I just figured out an alternative way to pipe A/V output of 32-bit AviSynth scripts into 64-bit applications that doesn’t require Pismo.

TCPDeliver (download) is a plugin that used to ship with classic AviSynth but it got moved into an external plugin when AviSynth+ was released. It allows one AviSynth process to send A/V frames to a local network port and another AviSynth process (running on same or remote computer) to read the AviSynth frames over TCP. The functions are documented here.

Let’s say that source32.avs is the script which uses 32-bit plugins. Add TCPServer() to the end of that script and load it in 32-bit VirtualDub2. (You probably don’t need to use VirtualDub specifically, I’m sure other 32-bit video apps could suffice too, but I tested it in VDub.).

While keeping VDub open, create another script, let’s call it client64.avs, and add just a single line to it:
TCPSource("127.0.0.1")

That’s it. When you load client64.avs in VEAI it will load client64.avs using 64-bit AviSynth, which will then request A/V frames from localhost over TCP, and the 32-bit AviSynth instance running inside the 32-bit VDub process will serve the requested frames from server32.avs.

1 Like

Hello everyone! Interesting solutions have been given here. I also use a Mac hence I can’t use AviSynth (and that Hybrid package is too confusing for me), but I use FFMPEG which is kind of similar (using the FF-Works GUI, saved my life).

I deinterlace with FFMPEG using the Bob Weaver method which gives me the cleanest field results, and I used to slightly denoise the footage with NeatVideo in Premiere. However, I realized that in VEIA, the footage would come up much softer than if I feed it without the Neat denoise (as VEIA has builtin denoiser anyway and this way it reads the noise/footage information better).

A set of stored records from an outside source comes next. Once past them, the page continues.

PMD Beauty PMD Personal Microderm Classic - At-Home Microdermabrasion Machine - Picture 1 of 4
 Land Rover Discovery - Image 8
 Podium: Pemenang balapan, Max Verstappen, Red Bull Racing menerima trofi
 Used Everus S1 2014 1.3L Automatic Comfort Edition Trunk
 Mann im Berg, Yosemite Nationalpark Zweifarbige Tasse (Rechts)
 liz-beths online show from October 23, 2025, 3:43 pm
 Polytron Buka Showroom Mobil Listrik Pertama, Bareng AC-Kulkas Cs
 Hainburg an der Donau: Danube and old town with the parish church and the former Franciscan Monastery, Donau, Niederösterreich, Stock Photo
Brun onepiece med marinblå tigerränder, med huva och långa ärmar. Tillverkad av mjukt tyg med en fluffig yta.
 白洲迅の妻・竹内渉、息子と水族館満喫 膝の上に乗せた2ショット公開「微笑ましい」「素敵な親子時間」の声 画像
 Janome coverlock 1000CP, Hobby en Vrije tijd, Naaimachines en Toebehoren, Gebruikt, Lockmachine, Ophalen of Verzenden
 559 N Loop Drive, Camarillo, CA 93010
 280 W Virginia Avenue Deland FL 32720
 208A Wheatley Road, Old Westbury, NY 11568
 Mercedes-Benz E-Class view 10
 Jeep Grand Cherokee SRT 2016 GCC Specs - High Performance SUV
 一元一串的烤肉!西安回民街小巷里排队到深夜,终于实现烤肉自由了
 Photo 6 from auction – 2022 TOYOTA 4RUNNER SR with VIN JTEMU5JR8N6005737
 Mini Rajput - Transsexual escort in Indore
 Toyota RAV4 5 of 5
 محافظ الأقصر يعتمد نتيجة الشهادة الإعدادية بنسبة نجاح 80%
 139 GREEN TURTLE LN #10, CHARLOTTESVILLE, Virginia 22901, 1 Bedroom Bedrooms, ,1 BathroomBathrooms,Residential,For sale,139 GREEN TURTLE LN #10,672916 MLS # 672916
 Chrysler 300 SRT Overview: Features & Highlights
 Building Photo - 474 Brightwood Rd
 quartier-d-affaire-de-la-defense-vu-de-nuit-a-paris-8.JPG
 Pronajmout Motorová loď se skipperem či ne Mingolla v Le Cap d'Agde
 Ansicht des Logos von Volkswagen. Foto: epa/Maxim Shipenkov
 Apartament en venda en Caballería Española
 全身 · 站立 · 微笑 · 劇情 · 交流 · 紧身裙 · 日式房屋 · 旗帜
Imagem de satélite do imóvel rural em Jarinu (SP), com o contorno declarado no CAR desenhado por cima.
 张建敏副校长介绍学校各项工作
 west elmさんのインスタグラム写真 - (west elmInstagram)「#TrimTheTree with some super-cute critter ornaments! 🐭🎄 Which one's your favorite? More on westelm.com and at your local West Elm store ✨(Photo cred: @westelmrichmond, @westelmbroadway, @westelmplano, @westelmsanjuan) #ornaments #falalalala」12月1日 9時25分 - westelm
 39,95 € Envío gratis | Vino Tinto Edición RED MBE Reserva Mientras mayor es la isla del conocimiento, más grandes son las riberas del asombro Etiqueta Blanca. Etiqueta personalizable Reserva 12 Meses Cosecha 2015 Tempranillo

With the latest versions of VEIA, Artemis v9 has been my go to since it’s the faster and visually satisfying solution. With the recent 1.9 update, I was totally blown away with the new Deinterlaced models included! the DV and TV give much sharper results and convert to 60p smoothly, I guess this is what QTGMC+Avisynth users been doing all along, but being a Mac user, haven’t had this experience. Also, I realized that it gives a much more detailed quality than deinterlacing with BobWeaver, which whereas amazing, gives a blurrier result.

I did ask this recently on another topic but seems like it wasn’t the right place to do it, so I’ll ask here again: I have some SD (DVD) footage that I want to upscale, and when I feed it into VEIA, while it works great, I’m getting the “common” deinterlaced coloured lines effect in high motion areas. I’ve seen this happening before when using the FieldsKit, RedGiant etc plugins; but BobWeaver in FFMPEG does remove them perfectly, but like I said before, it gives a blurrier image in comparison with the direct VEAI new models.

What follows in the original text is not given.